PPC delivers strong interim performance following repositioning efforts
Building materials and solutions provider PPC delivered a solid performance for the six months ended September 30 against generally challenging conditions, supported by the significant progress made in achieving the company’s strategic objectives which saw it capture volume growth, improve cost competitiveness and generate strong cash flows, CEO Roland van Wijnen has told Engineering News.
He lists the challenges as the slow vaccine rollout and uptake in some regions, although this was now improving; and difficult economic conditions as a result of the pandemic, which was also improving.
As a result of the capital restructuring and refinancing project, PPC Barnet continues to be reported as a discontinued operation.
Group revenue increased by 20% to R5.1-billion, benefiting from a 12% increase in cement sales volumes and the positive impact of hyperinflation on PPC Zimbabwe’s financials.

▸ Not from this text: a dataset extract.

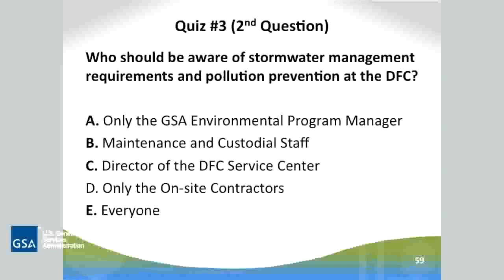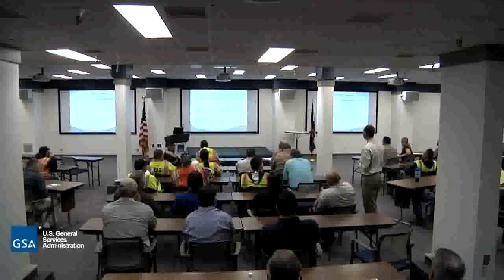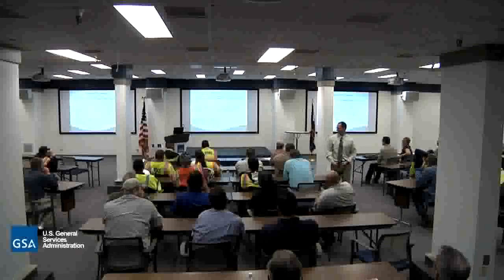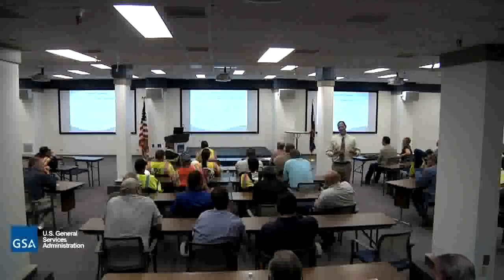Who should be aware of stormwater management requirements and pollution prevention at the site? The GSA environmental program manager, only maintenance and custodial staff, the director of the DFC service center, only on-site contractors, or everyone? Everyone is responsible. The purpose of the stormwater training today is to prevent or minimize the introduction of pollutants into waters of the state. That's the purpose of why we're here — to let you know about those forms and responsibilities that the Denver Federal Center must maintain.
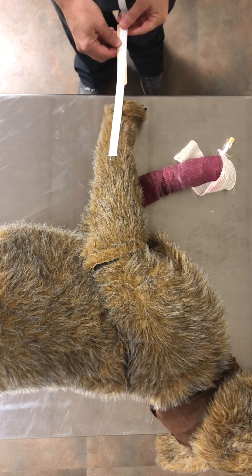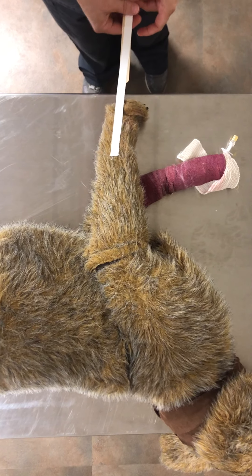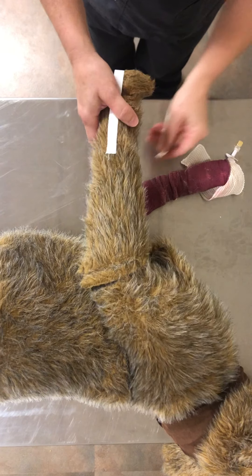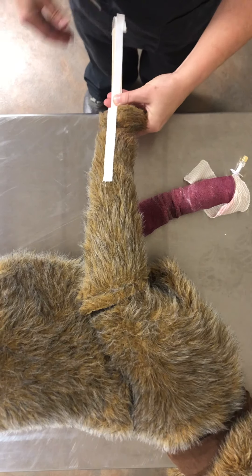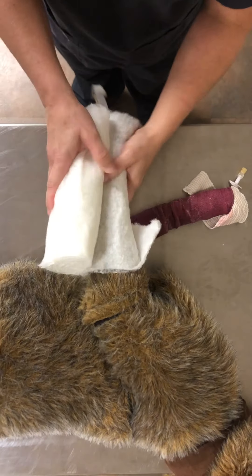Robert Jones bandage for radius ulnar fracture. Place stirrups medial and lateral unless wounds are present — do not place stirrups in wounds. Use a tongue depressor to make life easier for yourself. Do not stick tape to the patient's pads.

Excluding PPC Zimbabwe, revenue growth was 12% and, relative to the same period in 2019, growth of 7% shows an improvement on pre-Covid-19 levels.
Cost of sales increased by 24% to R4-billion taking Zimbabwe-related hyperinflation into account.
Excluding this, cost of sales increased in line with cement volumes, which PPC says demonstrates good control of costs, which have generally increased significantly owing to high input cost inflation of 9.2%.
Group earnings before interest, taxes, depreciation and amortisation (Ebitda) ended the period 13% higher at R945-million, while group operating profit increased by 10% to R633-million.
Excluding PPC Zimbabwe, Ebitda was 28% higher and, relative to 2019, 23% higher.
Taking fair value adjustments, profits on disposals and hyperinflation into account, group headline earnings increased to R786-million and group basic headline earnings per share (HEPS) rose by 83% to 55c.
Cash generation was strong and PPC continued with its efforts to degear the group balance sheet, settling a further R309-million in debt.
As part of the group’s capital restructuring efforts, a net profit of R189-million was realised on the disposal of PPC Lime and PPC Botswana Aggregates.
“The capital restructuring is nearing completion and we have successfully removed the need for an equity capital raise. We continue to deliver on our promise of degearing the balance sheet and have used the proceeds from the sale of PPC Lime and Botswana to reduce debt further after the reporting period,” said CFO Brenda Berlin.
South Africa and Botswana Cement experienced continued strong retail demand, which saw cement sales volumes increase by 12% to 15%, and by 3% to 6% relative to 2019.
Sales to the retail and rural segments continued to outpace other segments of the market. In line with the biannual price review, selling prices were raised to partially offset input cost inflation and an increase of 4% to 8% was realised for the period.
Revenue increased by 17% to R2.8-billion and Ebitda rose by 53% to R515-million, while the Ebitda margin increased from 14.3% to 18.7%. Relative to 2019, Ebitda was 40% higher and Ebitda margins increased by 4.4%.
PPC estimates that cement and clinker imports increased by 30% year-on-year for the nine months ended September 30, and forecasts that imports will account for about 10% of total industry volumes by the end of the year.
PPC, together with Cement & Concrete SA and other industry players, is awaiting a decision from the relevant authorities regarding an application (updated to include both cement and clinker) that seeks relief against what it says is unfair competition in the form of import tariffs.
Van Wijnen said the recent designation of locally produced cement for all government-funded projects was welcome news. He said this would have a positive impact on the industry, and would benefit PPC in terms of improved sales, depending on how well the government enforces it and the speed of its infrastructure project rollout.
He pointed out that, not only does locally produced cement provide jobs in the country, but, it also supports communities, with such benefits negated by imports.
The materials division benefitted from a recovery in construction activity in the respective addressable markets which drove sales volumes for readymix and aggregates.
Fly ash sales volumes declined off of a high base. Revenue increased by 30% to R600-million and Ebitda improved to R37-million.
Looking ahead, PPC’s focus is on optimising operational efficiencies to mitigate increasing input cost pressures and reducing its environmental footprint while further enhancing its financial resilience.
Van Wijnen said the group sees opportunities presented by the rollout of South Africa’s infrastructure programme, with PPC having spare capacity to support this and not having to put in additional investment.